After you’ve reviewed your budget for last year, it’s smart to make updates to your spending categories for the upcoming year. This way you’ll spend your money more efficiently. If there are categories you are overspending in, consider the reasons why you might be overspending there and brainstorm strategies to improve on that category.
Here are few posts we’ve shared on budgeting in the past:
- How To Budget To Improve Your Credit
- What To Do When You Get Your Paycheck
- How I Would Budget To Live on Less Than $10k/Year
- How to Create a Budget That Works With Your Spending Habits
2. Do an annual financial audit.
A few months back I shared a guide with a free checklist download on how to do an annual financial audit. Doing a financial audit is a very in-depth process. You’re getting up close and personal with your money.
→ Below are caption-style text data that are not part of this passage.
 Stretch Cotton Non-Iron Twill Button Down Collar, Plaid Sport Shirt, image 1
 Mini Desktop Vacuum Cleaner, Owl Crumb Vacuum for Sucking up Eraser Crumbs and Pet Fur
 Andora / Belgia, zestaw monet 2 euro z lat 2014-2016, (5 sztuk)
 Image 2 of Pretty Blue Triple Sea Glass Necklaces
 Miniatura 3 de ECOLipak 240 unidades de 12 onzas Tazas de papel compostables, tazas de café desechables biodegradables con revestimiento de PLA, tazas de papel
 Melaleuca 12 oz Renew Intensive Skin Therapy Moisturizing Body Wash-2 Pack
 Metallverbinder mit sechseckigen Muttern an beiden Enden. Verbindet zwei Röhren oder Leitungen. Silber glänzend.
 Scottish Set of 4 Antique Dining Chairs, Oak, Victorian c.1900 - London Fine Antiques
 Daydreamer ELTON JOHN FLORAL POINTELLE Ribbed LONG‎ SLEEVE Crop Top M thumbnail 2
I advise doing this process at least once a year. My husband and I always do it in December so that we can have a clear picture of how we did on our goals for the year.
Click here to read how to do an annual financial audit!
3. Update your debt repayment plan.
If you have debt, how is your progress going on paying it off? Are you on track or have you fallen behind?
It can be scary to have a huge number hanging over your head that you have to pay back. My debt at its highest was $25,000. And while that might be less than the average student loan debt in 2019 of $31,172, it’s still a large number.
Early on in my adult life I decided that I needed to prioritize paying it off. It took different sacrifices so that I could double and triple my payments. But the financial freedom I have now was worth it. I cried nearly every time I had to make a payment on my debt. I couldn’t wait for it to be gone.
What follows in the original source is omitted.